Situated in northern Indochina, bordering economic heavyweights China, Vietnam and Thailand, Laos is an agricultural country that, before the COVID-19 pandemic, was in the process of rapid social and economic change, achieving an average of 5% GDP growth per year 2010-2019 [1]. The city of Luang Pabang, in the north, had been a part of that growth as a UNESCO World Heritage Site and tourism hub.

Peuan Mit, the Laos program of the social enterprise Friends-International, opened the Khaiphaen training restaurant in Luang Prabang in 2014 to ensure marginalized youth from communities and villages around the city could take advantage of its booming tourist economy. The restaurant is a social business that offers comprehensive hospitality training and holistic social support to on average 30 young people a year .

Since the pandemic began in March 2020, the country’s economy has contracted severely and marginalized families and children have been in crisis. With the collapse of the tourism industry, many families lost their employment and no other location in Laos has been hit harder by this than Luang Prabang.

Key project activities

The project’s primary activity was the provision of hospitality vocational training to marginalized youth (15-24) at the Khaiphaen training restaurant in Luang Prabang. The training includes cooking, service and hygiene elements. Students at Khaiphaen also receive comprehensive social support to ensure they could finish their training, and support to find employment after their graduation, including:

1.    Ongoing follow-ups and psychosocial counselling from an assigned case manager.

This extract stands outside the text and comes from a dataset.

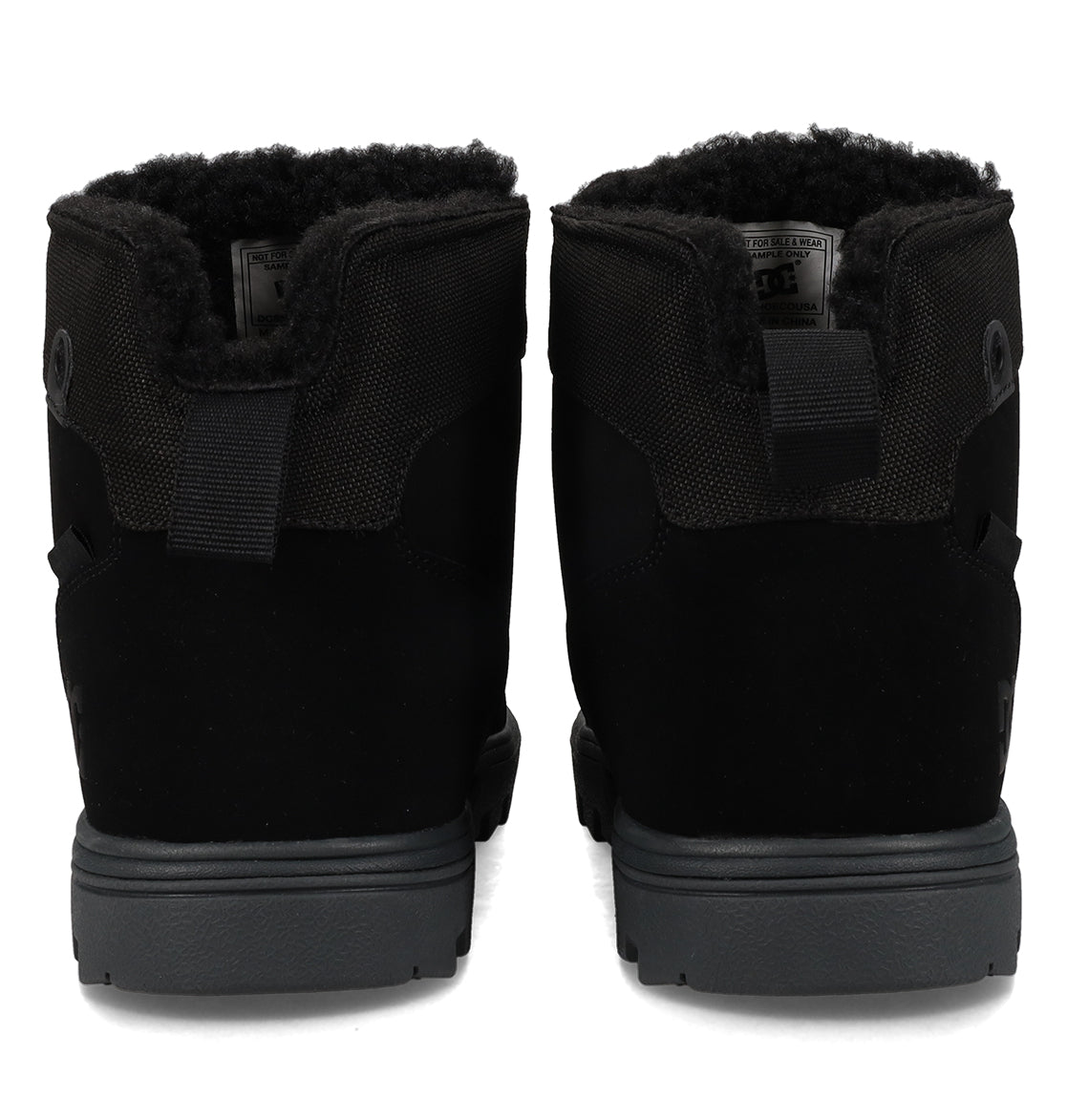 Men's Woodland Winter Boots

2.    Education in Lao literacy, English, numeracy and life skills.

3.    Basic social services, such as medical care, referrals to the hospital if needed, daily meals, transportation, and safe short-term housing in a group home if the students live far from Khaiphaen.

4.    Job-readiness training and employment support to provide the full suite of skills required for employment.

5.    Placement in employment or support to start a micro-enterprise after graduation.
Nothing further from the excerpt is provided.